Apa yang harus kita lakukan?
Hal penting yang harus kita lakukan adalah menjaga dan merawat kepercayaan. Banyak kali kita mudah kehilangan kepercayaan dari orang lain karena masalah perilaku kita. Lemahnya disiplin diri, etos kerja yang rendah, tidak tepat waktu, suka protes tapi disiplin kerja rendah. Semua hal yang menjadi noda hitam dalam berelasi sosial. Dengan demikian hilang juga kepercayaan pada diri kita.

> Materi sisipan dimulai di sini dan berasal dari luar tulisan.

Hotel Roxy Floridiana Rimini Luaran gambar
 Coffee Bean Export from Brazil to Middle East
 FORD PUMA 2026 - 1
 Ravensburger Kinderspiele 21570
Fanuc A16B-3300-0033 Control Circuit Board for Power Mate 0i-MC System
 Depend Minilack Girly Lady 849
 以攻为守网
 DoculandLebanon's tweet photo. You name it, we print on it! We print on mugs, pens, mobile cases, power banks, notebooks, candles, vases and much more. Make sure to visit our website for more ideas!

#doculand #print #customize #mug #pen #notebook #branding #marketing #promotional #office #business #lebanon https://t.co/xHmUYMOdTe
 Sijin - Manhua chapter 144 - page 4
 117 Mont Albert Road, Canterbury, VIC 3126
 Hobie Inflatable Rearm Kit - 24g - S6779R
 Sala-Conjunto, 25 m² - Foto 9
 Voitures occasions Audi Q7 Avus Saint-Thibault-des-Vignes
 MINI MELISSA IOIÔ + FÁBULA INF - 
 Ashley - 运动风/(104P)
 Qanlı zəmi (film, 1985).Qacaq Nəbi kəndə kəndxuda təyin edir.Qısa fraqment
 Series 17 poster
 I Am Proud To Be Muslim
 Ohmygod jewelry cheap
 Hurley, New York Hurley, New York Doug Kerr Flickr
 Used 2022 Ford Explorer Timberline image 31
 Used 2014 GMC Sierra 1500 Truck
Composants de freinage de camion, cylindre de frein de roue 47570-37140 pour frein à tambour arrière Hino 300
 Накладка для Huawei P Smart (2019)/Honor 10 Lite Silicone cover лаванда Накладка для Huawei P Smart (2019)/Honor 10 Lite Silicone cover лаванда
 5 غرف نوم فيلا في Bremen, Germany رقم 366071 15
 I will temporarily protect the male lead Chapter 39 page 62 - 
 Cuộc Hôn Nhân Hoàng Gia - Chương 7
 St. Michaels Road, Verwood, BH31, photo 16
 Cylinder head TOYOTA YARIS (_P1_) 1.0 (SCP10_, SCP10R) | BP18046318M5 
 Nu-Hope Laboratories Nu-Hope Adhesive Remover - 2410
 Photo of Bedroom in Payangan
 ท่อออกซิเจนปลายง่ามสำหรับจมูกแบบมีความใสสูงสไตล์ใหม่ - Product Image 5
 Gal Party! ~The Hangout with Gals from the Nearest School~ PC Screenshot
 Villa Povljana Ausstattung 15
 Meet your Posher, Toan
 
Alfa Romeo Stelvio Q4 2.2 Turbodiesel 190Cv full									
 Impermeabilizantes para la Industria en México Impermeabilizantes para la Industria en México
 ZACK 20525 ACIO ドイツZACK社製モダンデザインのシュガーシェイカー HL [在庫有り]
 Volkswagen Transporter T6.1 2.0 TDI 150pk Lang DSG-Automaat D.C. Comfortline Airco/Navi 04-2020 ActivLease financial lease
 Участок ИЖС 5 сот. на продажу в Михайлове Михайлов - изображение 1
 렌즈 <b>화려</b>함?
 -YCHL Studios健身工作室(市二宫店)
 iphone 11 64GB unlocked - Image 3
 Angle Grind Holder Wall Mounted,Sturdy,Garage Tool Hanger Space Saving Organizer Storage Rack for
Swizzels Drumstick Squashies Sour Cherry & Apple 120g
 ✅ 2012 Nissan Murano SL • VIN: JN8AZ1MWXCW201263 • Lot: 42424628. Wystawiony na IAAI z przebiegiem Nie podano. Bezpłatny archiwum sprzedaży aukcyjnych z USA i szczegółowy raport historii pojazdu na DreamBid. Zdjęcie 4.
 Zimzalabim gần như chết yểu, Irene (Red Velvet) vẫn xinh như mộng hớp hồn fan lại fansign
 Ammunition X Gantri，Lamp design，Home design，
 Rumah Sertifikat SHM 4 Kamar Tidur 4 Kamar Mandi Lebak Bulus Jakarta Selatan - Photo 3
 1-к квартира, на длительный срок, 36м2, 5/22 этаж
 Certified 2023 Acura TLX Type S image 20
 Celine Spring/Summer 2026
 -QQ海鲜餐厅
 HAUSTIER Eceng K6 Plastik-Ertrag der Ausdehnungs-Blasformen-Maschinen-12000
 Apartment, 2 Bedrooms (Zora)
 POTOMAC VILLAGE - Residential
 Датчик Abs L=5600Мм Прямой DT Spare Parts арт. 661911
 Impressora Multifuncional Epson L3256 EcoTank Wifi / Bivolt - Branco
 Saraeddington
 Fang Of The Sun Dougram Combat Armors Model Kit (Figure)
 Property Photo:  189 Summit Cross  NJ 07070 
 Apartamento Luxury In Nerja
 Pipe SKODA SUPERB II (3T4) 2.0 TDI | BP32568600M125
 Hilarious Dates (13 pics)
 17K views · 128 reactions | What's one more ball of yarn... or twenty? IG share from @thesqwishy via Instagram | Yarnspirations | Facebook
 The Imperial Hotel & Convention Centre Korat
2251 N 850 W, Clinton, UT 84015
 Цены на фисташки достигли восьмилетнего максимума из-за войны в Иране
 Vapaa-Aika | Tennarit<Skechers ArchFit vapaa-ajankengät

Pagi ini seorang sahabat curhat kepada saya. Ia mengatakan: “PJ (maksudnya ‘Pater John’) saya benar-benar kehilangan kepercayaan dengan para karyawan saya. Usaha yang saya rintis di cabang merugi karena ternyata karyawan itu lain di mulut lain kenyataan di tempat kerja. Saya lebih percaya pada anjing peliharaan saya yang begitu setia menemani saya”.
Wah. Saya hanya merasa kaget dan berpikir tentang mahalnya sebuah kepercayaan yang tidak disadari banyak orang. Menyesal kemudian setelah PHK itu tak ada gunanya karena semua teguran lisan dan tertulis sudah diterima karyawan.
Nah, sekarang perhatikan gambar dan tulisan ini:
“Saya rasa mempercayai seekor anjing terasa lebih aman daripada mempercayai kebanyakan orang.”
Peliharan ternyata lebih mudah dipercaya karena ia melindungi tuannya. Namun manusia sebagai sesama kadang menjadi harimau, bukan sebagai anjing yang bersahabat.
Maka menjadi pertanyaan bagi kita saat ini adalah apakah anda dan saya sebagai manusia masih sadar diri untuk menata dan merawat kepercayaan?